■ What is needed ■
Below are records with pictures. Reproduce exactly the lines from the line with "Damen Bikini-Set mit" to the line with "1.12 Carat Square", inclusive, and leave each picture out.

■ Information shown ■
------------------------------------------------

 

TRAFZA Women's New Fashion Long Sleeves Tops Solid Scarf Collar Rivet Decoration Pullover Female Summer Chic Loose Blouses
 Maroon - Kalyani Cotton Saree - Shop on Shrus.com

------------------------------------------------

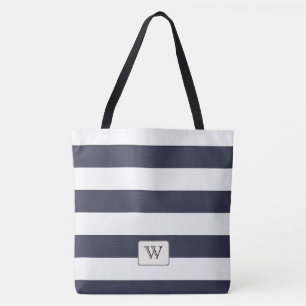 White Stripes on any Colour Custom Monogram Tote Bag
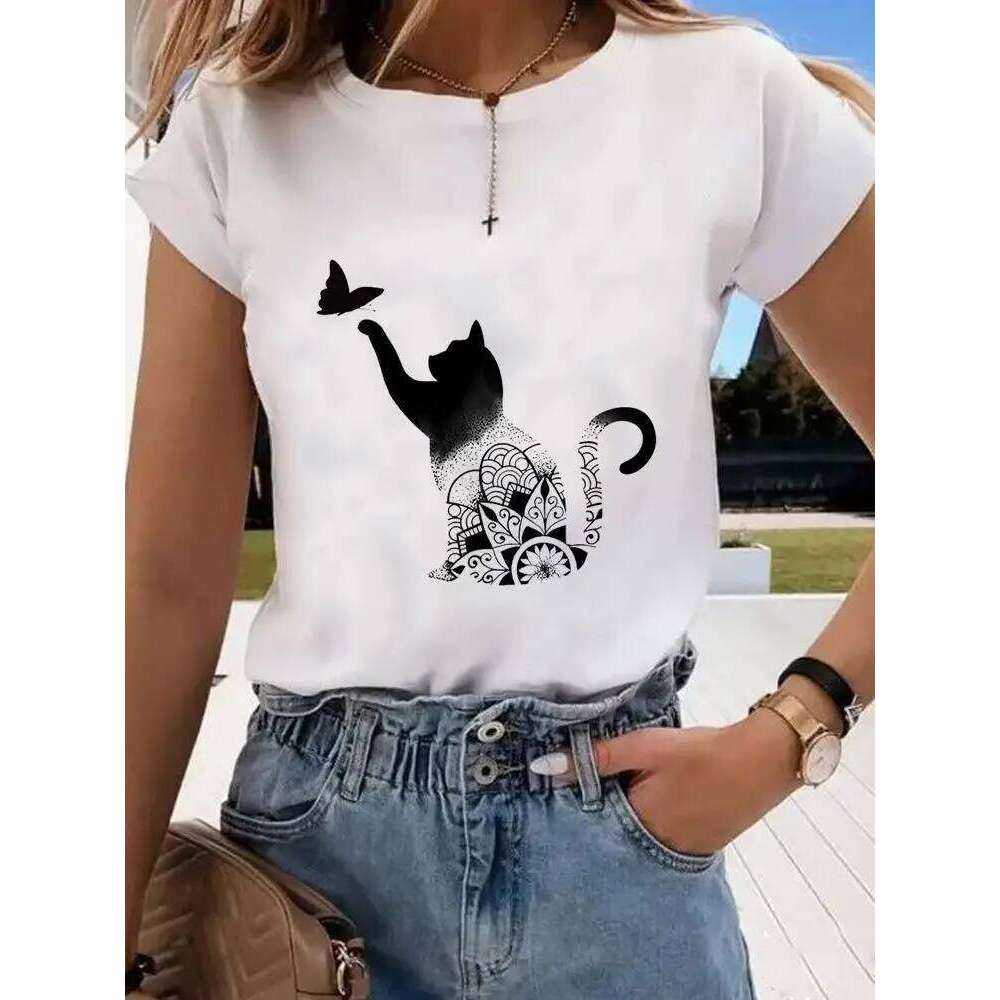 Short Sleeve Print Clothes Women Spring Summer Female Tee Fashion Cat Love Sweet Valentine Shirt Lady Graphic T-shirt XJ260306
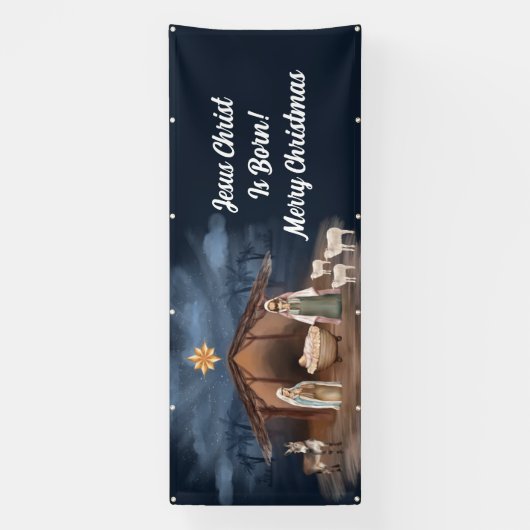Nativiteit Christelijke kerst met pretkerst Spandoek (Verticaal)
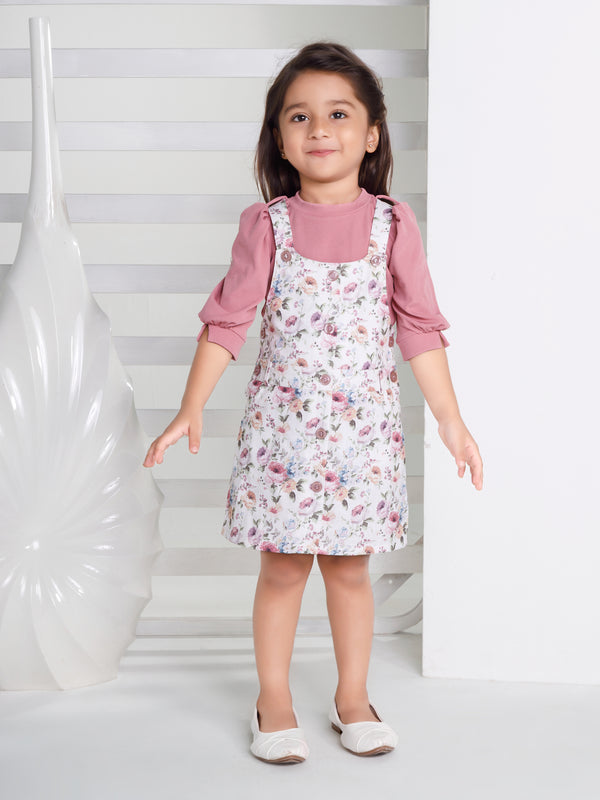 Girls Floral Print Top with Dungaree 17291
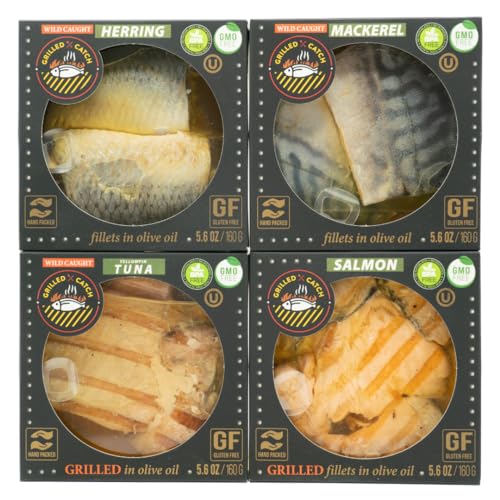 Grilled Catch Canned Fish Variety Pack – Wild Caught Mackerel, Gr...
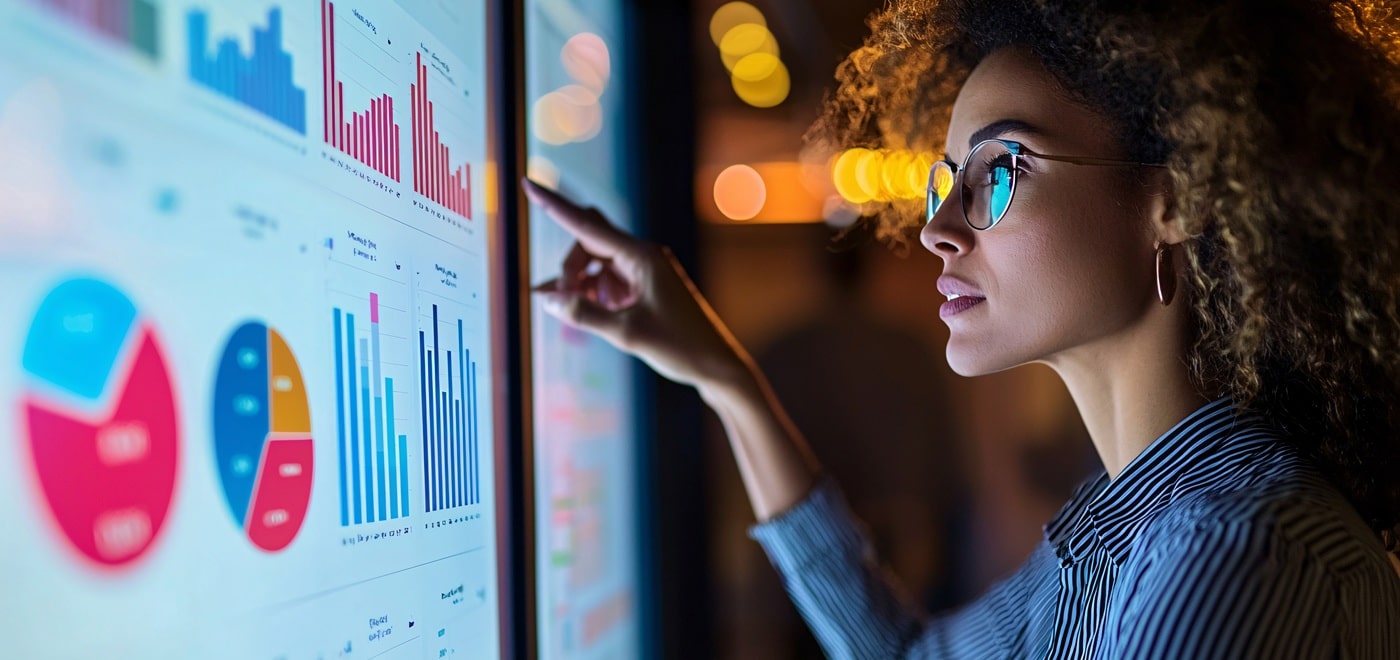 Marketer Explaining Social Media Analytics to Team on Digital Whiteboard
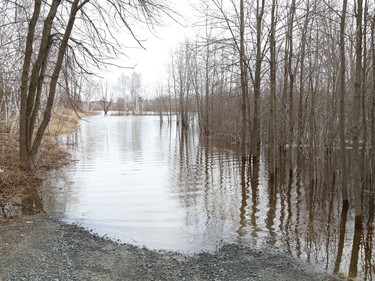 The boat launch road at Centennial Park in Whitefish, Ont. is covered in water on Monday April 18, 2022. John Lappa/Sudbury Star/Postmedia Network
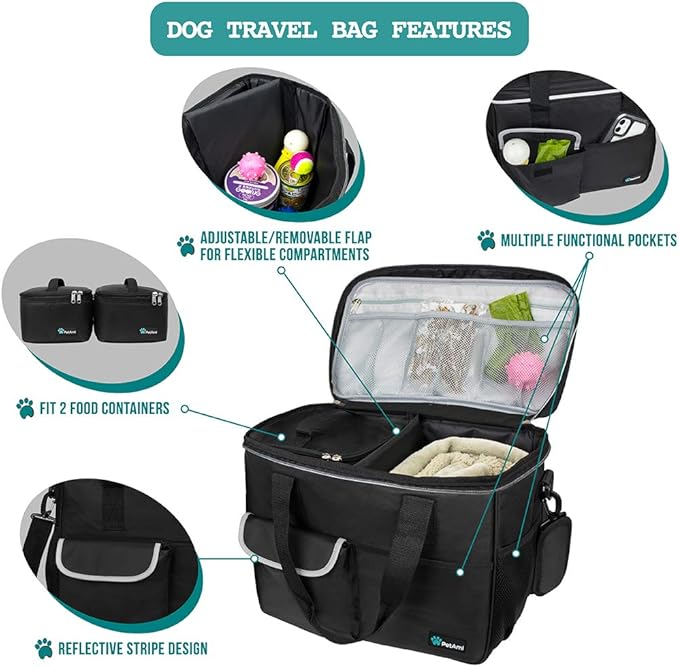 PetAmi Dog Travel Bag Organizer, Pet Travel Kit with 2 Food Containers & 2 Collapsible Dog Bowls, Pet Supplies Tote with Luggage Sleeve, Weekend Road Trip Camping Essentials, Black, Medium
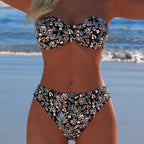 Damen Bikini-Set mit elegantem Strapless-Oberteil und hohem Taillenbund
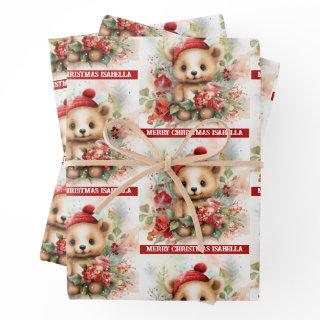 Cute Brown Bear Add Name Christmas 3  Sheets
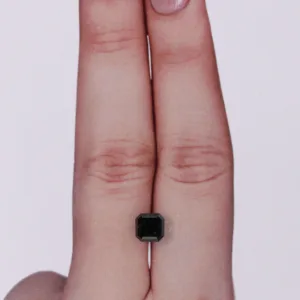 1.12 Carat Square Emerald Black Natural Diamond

------------------------------------------------

■ Your response ■
 Damen Bikini-Set mit elegantem Strapless-Oberteil und hohem Taillenbund
 Cute Brown Bear Add Name Christmas 3  Sheets
 1.12 Carat Square Emerald Black Natural Diamond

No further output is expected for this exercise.